## Task to complete
Your copy of the data should match it exactly, leaving out only the pictures.

## Data below
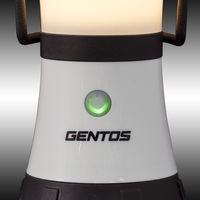 ジェントス フローティングランタン EX-236D 1個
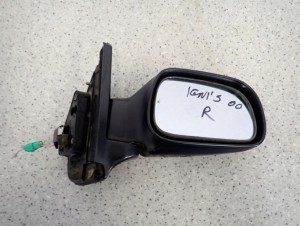 SUZUKI IGNIS 00-03 LUSTERKO PRAWE ELEKTRYCZNE EUROPA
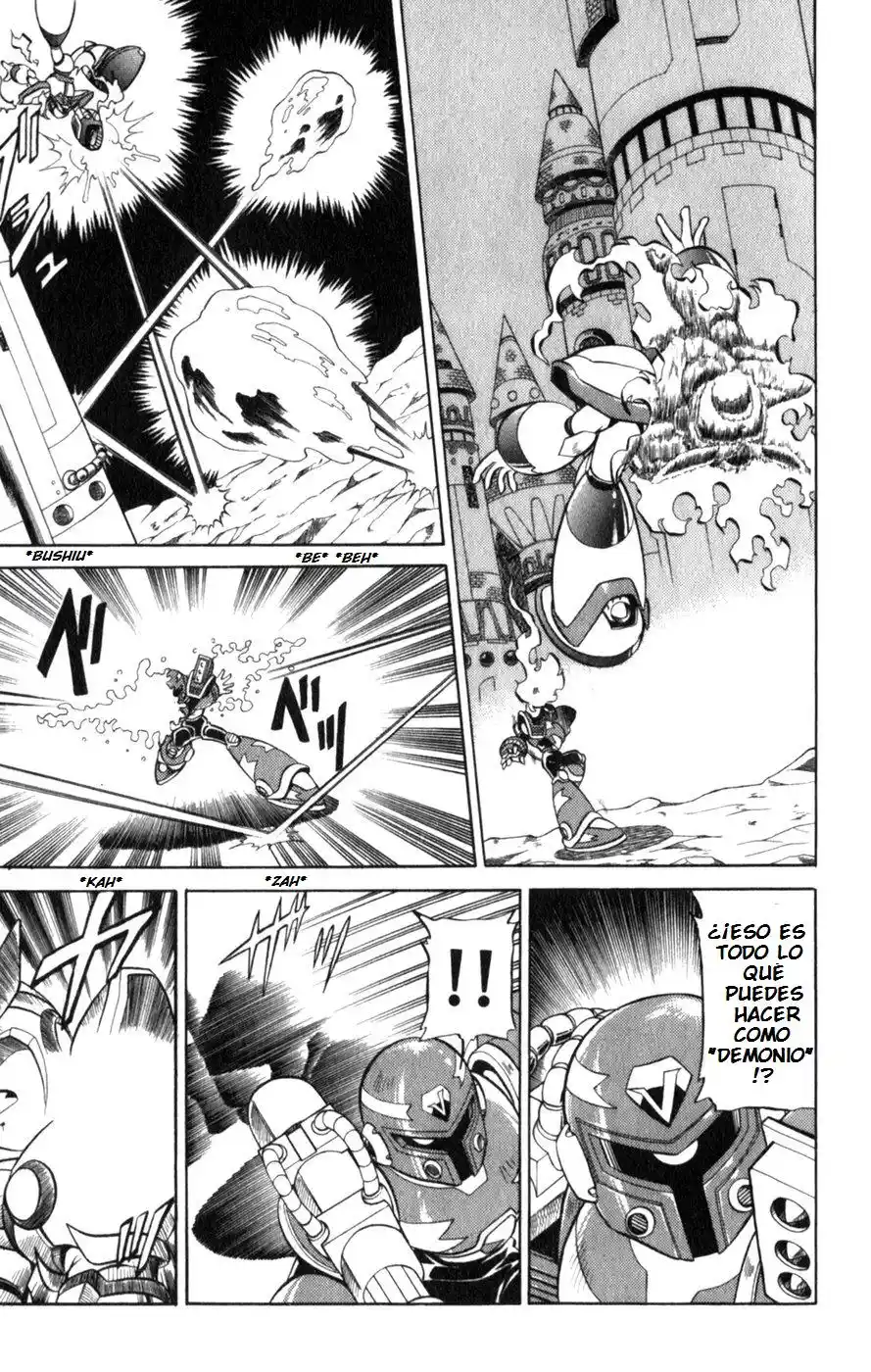 Mega Man X3 - Capítulo 15 - Página 17 - LectorTMOo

## Written answer
 ジェントス フローティングランタン EX-236D 1個
 SUZUKI IGNIS 00-03 LUSTERKO PRAWE ELEKTRYCZNE EUROPA
 Mega Man X3 - Capítulo 15 - Página 17 - LectorTMOo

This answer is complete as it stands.